Autre volet fort du programme Sheinbaum : la souveraineté alimentaire et le soutien aux petits producteurs. Le Mexique, riche d’une biodiversité exceptionnelle, est aussi marqué par de fortes inégalités d’accès à la terre et à une alimentation saine. Dans cette optique, deux réformes majeures ont été lancées : la Ley General de la Alimentación Adecuada y Sostenible (avril 2024), qui établit les bases d’un changement structurel du système alimentaire, et le Programa Nacional de Soberanía Alimentaria (novembre 2024), qui vise à renforcer la production agricole locale. Ces mesures s’inscrivent dans une volonté de garantir une alimentation durable, accessible et de qualité à l’ensemble de la population.

Sur le plan international, la présidente a su faire preuve d’une habileté diplomatique saluée, notamment face à la réélection de Donald Trump à la présidence des États-Unis. Dès les premières tensions commerciales, lorsqu’il a annoncé une hausse des droits de douane de 25 % sur les produits mexicain, Sheinbaum a adopté un ton ferme mais conciliant, en maintenant un dialogue constant avec la maison blanche. Résultat : Donald Trump a finalement renoncé à appliquer ces nouvelles taxes, évitant un choc économique majeur.
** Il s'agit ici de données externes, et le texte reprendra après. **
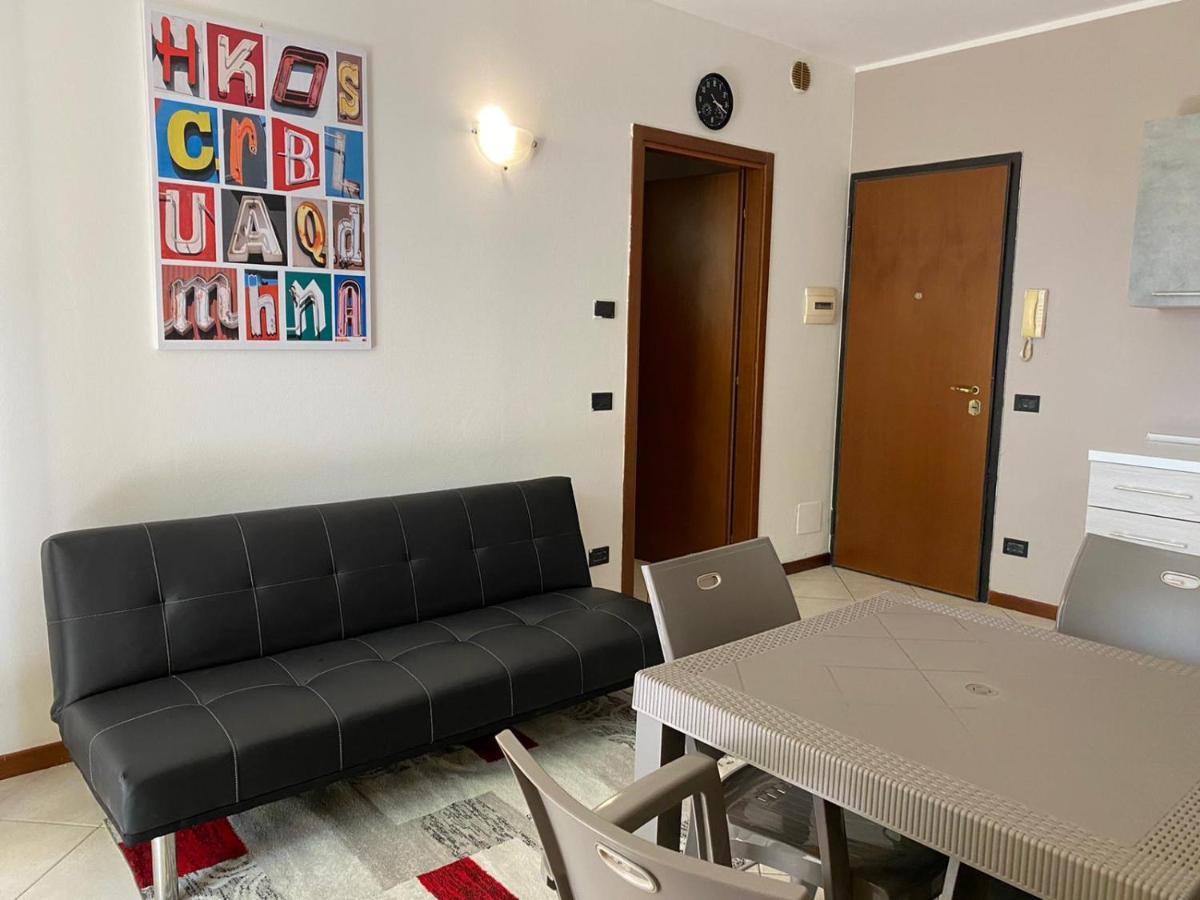 Appartamento Il Faro Con Giardino In Residence Con Piscina Desenzano del Garda Luaran gambar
Son attitude a tranché avec celle de plusieurs de ses homologues latino-américains. Certains experts estiment que sa formation académique a contribué à ce positionnement : elle a su écouter, argumenter et répondre avec sang-froid. Un exemple révélateur : face à la proposition fantasque de Trump de rebaptiser le golfe du Mexique en “golfe d’Amérique”, la dirigeante méthodique a répondu en brandissant des cartes du XVIIe siècle…en suggérant ironiquement de renommer les Etats-Unis “Amérique Mexicaine”.
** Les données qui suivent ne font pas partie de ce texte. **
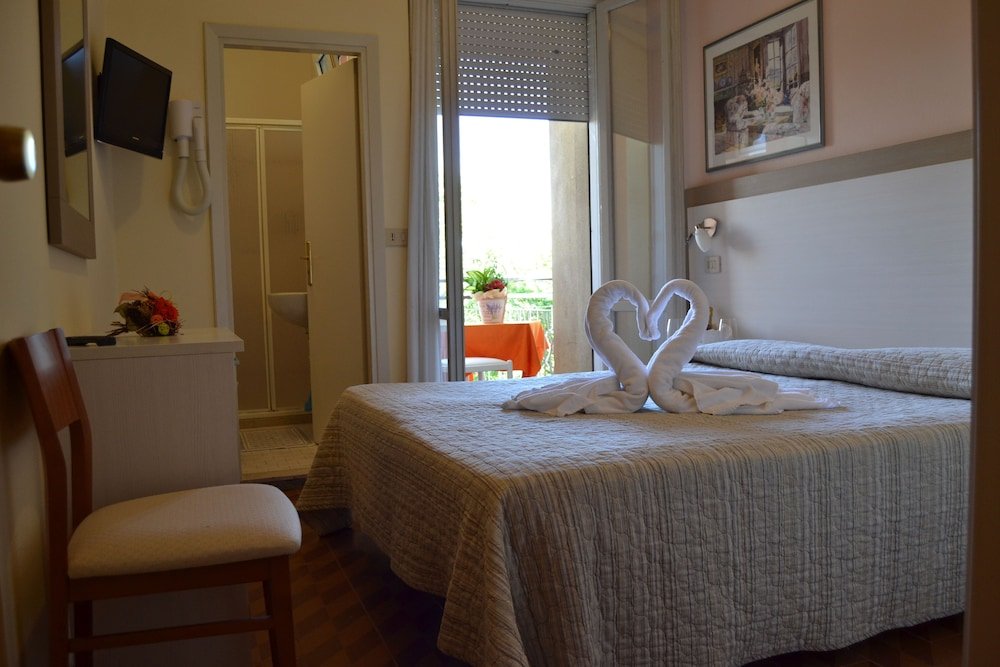 Фото Hotel Brown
Malgré l’approbation massive des citoyens mexicains, le bilan de Sheinbaum reste contrasté et entaché par des polémiques et une mauvaise gestion de la question sécuritaire. De fait, l’insécurité reste une des préoccupations les plus persistante pour la population mexicaine, à laquelle l’héritière d’AMLO n’a pas su faire face. Une enquête nationale de sécurité publique de l’Encuesta Nacional de Seguridad Pública urbana révèle que la perception de l’insécurité au Mexique a grimpé à 61.9 % au premier semestre de 2025. Un niveau en hausse par rapport au trimestre précédent, enregistré sous la présidence de López Obrador. Une brèche entre les sexes persiste et l’insécurité est plus ressentie chez les femmes : 67,5 % des femmes se disent préoccupées par l’insécurité, contre 55 % des hommes. 
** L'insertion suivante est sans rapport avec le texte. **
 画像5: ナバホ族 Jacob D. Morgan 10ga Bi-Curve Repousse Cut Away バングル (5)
Le mois de mars 2025 a été rude pour la cheffe d’État avec l’explosion de la polémique du ranch Izaguirre. L’affaire a été révélée le 5 mars 2025, par le collectif « Guerreros Buscadores », composé de proches de personnes disparues. Le ranch situé à Teuchitlán dans l’État de Jalisco a servi de centre d’entraînement et d’exécution par le cartel « Jalisco Nueva Generación« . Le site avait fait l’objet d’une intervention des autorités publiques en 2024, cependant l’ampleur des massacres a été découverte seulement par le collectif qui dénonce une omission de la part des autorités locales. Ce cas a entaché la présidence après une propagation à l’international, donnant lieu à des critiques de la part de la société civile et de groupes de défenseurs des droits humains. 

La récente élection de l’ensemble des juges jusqu’à la cour suprême le dimanche 1er juin 2025 témoigne la baisse de popularité de Sheinbaum. Cette première mondiale voulue par la gauche afin de lutter contre la corruption du pouvoir judiciaire et une justice plus transparente est qualifiée de « succès total » par la présidente. Cependant, seuls 13 % des mexicains se sont rendus aux urnes, soit à peine plus d’un mexicain sur dix. Cette élection est donc un revers pour le parti Morena dont l’initiative n’a pas été largement soutenue par la participation populaire.